„Kreuzzüge“ der stolzen Bauern

21.08.2023 | Stand 21.08.2023, 8:00 Uhr

Fridolfing, St. Johann-Straße: Dieser Bundwerkstadel ist noch bewirtschaftet und ein gutes Beispiel für die Erhaltung historischer Bausubstanzen. −Foto: Josef A. Standl

Sie war einst und ist auch heute noch der Stolz der Bauern: die Zimmermannskunst der Bundwerke an den Stadeln und Häusern. Die Baukultur ist der Ausdruck des barocken Empfindens der Bayern und macht einen gewissen Wohlstand des bäuerlichen Standes sichtbar. Bundwerkstadel finden sich vorwiegend im Rupertiwinkel und im Chiemgau, vermehrt nördlich von Laufen bis an die Linie Burghausen und Altötting und auch darüber hinaus. Der aktuelle Bayerische Denkmalatlas zählt in dieser Region 503 Objekte auf, 287 davon befinden sich im Landkreis Traunstein, 176 im Landkreis Altötting, 40 im Landkreis Berchtesgadener Land. Darüber hinaus finden sich einzelne weitere Objekte in Bayern, aber auch in leicht abgewandelter Form im oberösterreichischen Innviertel und im salzburgischen Flachgau − alle grenznah zu Bayern. Ein weiterer Schwerpunkt des Bundwerks liegt im Werdenfelser Land und im mittleren Tiroler Inntal mit Ausläufern bis zum schweizerischen Unterengadin, dem Vinschgau oder auch dem Pustertal in Südtirol.
Die Blütezeit der Errichtung des Bundwerkes fällt in die Jahre 1830 bis 1870. Neben dem Fachwerk und dem Blockbau ist das Bundwerk eines der am meisten verbreiteten Holzbautechniken. Es entwickelten sich im 19. Jahrhundert viele Schmuckelemente, und die Zimmerleute übertrafen sich förmlich darin, Balkenformen zu erfinden. Viele von ihnen waren statisch gar nicht notwendig und dienten der Zierde, letztlich auch dem Stolz der Besitzer, die ihren Reichtum anderen gegenüber unterstreichen wollten. Beim Bundwerk werden Balken teilweise in Gitterform oder schräg über Kreuz verbunden. Die Zimmerleute bringen so gleich mehrere ineinandergeschobene Andreaskreuze an. Solch ein Ziergitterbund wird von den älteren Zimmermännern auch „Kreuzzug“ genannt. Auch Maler und Schnitzer haben einst das Bundwerk künstlerisch gestaltetet, oft mit Fabelwesen oder christlichen Symbolen.
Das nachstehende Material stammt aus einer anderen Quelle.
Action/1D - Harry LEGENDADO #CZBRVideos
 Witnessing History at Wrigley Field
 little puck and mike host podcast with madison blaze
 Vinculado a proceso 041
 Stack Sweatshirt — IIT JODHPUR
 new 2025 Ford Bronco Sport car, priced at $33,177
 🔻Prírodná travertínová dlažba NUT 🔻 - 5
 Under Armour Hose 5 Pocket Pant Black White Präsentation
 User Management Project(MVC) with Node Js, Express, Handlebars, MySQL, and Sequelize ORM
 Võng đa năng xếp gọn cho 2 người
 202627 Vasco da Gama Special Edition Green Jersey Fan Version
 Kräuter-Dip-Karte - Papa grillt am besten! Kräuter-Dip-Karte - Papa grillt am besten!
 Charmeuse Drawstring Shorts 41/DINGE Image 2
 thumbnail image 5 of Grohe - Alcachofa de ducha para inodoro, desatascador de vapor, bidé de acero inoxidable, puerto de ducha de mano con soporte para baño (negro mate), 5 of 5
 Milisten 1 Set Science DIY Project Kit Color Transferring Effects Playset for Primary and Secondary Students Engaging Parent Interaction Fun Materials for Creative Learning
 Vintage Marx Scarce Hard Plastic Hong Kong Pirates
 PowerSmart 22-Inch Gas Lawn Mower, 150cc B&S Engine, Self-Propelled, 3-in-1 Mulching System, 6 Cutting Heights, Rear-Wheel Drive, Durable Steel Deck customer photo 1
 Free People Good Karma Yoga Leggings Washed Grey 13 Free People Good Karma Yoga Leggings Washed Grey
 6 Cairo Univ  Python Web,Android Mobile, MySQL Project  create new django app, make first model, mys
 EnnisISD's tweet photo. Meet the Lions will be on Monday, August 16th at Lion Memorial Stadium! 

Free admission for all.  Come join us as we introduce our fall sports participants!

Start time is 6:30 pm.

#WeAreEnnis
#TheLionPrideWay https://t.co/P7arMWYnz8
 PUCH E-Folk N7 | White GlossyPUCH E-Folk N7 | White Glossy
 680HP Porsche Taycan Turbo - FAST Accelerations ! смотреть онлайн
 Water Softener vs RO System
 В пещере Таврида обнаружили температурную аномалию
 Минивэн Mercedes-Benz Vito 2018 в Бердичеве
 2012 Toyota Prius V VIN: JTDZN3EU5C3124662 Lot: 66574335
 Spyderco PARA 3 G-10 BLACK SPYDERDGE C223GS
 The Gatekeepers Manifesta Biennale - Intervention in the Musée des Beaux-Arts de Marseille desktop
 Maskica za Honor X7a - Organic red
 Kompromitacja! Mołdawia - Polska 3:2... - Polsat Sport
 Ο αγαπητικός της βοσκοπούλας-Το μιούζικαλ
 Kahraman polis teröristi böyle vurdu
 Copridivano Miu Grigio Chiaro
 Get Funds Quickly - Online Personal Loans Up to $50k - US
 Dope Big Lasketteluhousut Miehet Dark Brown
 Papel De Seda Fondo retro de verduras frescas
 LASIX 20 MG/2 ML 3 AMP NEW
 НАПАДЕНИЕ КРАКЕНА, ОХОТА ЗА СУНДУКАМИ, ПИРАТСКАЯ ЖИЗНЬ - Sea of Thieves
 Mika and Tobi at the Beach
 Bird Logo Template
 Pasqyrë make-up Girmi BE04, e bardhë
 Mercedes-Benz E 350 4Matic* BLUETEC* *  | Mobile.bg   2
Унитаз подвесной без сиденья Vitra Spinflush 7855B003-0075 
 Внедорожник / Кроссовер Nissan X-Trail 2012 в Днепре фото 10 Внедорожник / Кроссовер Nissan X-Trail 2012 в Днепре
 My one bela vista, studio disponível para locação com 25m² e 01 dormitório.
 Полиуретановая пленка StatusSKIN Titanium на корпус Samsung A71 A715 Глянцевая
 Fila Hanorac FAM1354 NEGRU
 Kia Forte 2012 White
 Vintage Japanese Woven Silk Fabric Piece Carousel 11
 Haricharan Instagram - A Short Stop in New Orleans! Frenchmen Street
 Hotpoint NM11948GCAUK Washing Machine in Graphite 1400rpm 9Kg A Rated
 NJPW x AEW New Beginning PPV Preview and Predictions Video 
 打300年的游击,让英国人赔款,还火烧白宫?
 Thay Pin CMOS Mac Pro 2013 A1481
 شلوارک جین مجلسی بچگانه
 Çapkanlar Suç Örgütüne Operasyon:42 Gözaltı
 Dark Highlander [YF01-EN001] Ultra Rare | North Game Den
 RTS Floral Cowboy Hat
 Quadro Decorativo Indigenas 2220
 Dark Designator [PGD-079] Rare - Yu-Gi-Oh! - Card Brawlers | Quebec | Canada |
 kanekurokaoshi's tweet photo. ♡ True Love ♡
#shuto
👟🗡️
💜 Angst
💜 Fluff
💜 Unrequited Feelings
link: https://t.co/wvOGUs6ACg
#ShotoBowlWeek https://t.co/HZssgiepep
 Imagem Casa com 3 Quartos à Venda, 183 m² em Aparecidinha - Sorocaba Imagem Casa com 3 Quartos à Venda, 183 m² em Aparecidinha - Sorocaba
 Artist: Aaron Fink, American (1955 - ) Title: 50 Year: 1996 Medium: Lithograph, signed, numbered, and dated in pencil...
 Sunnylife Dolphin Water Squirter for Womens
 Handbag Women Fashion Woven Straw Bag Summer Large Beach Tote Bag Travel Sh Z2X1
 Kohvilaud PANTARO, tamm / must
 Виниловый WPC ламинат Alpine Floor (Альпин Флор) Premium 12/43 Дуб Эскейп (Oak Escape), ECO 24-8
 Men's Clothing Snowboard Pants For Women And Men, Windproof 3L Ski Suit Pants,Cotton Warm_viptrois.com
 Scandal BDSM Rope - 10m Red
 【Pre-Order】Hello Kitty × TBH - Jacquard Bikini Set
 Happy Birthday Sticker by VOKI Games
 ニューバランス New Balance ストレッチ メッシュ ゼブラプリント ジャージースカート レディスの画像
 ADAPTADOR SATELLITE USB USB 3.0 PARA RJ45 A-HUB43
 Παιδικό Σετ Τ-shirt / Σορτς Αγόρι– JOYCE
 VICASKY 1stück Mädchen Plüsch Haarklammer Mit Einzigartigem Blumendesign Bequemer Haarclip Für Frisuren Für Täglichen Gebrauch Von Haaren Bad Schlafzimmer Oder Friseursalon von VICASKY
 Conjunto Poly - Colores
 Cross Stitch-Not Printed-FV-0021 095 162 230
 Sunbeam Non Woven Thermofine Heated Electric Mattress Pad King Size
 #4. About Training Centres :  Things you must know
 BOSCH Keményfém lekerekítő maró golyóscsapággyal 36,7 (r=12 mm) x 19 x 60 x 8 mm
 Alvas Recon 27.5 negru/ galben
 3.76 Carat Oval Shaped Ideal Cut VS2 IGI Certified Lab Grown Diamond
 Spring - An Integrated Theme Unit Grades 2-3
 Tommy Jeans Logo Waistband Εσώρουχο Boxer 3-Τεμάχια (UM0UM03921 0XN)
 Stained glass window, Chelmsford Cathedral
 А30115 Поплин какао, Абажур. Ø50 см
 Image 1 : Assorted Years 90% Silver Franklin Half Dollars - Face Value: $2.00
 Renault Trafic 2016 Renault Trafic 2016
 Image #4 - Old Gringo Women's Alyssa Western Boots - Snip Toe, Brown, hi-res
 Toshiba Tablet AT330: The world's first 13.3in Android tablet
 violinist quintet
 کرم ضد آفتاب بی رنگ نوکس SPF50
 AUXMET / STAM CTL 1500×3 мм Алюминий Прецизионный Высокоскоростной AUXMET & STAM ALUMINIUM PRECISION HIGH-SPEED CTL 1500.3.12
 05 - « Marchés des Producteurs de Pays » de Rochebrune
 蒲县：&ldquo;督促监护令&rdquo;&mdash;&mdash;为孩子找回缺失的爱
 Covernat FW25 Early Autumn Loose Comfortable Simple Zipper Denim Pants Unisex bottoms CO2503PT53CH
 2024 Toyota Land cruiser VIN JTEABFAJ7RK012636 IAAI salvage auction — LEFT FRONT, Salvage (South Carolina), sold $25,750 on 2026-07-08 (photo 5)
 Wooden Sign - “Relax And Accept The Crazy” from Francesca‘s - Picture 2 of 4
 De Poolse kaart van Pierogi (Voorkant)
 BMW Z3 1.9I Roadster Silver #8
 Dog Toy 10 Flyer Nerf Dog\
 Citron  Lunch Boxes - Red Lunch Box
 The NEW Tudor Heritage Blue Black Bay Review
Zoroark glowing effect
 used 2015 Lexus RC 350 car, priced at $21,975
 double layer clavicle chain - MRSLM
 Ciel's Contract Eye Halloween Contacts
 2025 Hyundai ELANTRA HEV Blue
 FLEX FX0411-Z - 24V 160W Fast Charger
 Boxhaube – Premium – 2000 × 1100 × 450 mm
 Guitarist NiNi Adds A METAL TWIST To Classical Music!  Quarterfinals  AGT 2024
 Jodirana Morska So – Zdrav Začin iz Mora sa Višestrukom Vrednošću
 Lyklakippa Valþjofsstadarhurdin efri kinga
Das Bundwerk erlebt seit einigen Jahrzehnten eine Renaissance. Viele Bauern sind stolz auf diese Tradition und verhelfen dieser Handwerkskunst zu einer Wiedergeburt. Einer, der sich auf Bundwerkbauten spezialisiert hat, ist Zimmermeister Josef Lechner senior aus Kay bei Tittmoning. Er kennt alle Formen, wie kaum ein Anderer, und kann sein Wissen auch glühend formulieren. „Vor allem die mächtigen Bundwerkstadel in dieser Gegend sind der Ausdruck des Bauernstolzes, weil sie landschaftsprägend sind und der Stolz über Generationen hinweg besteht. Viele dieser Zeugnisse aus vergangenen Tagen stehen seit nahezu 200 Jahren und werden heute noch gepflegt. Die bäuerliche Identität stiftende Wirkung führt dazu, dass sich heute wieder vermehrt junge Bauern dazu entscheiden, Bundwerke anfertigen zu lassen“, sagt Lechner.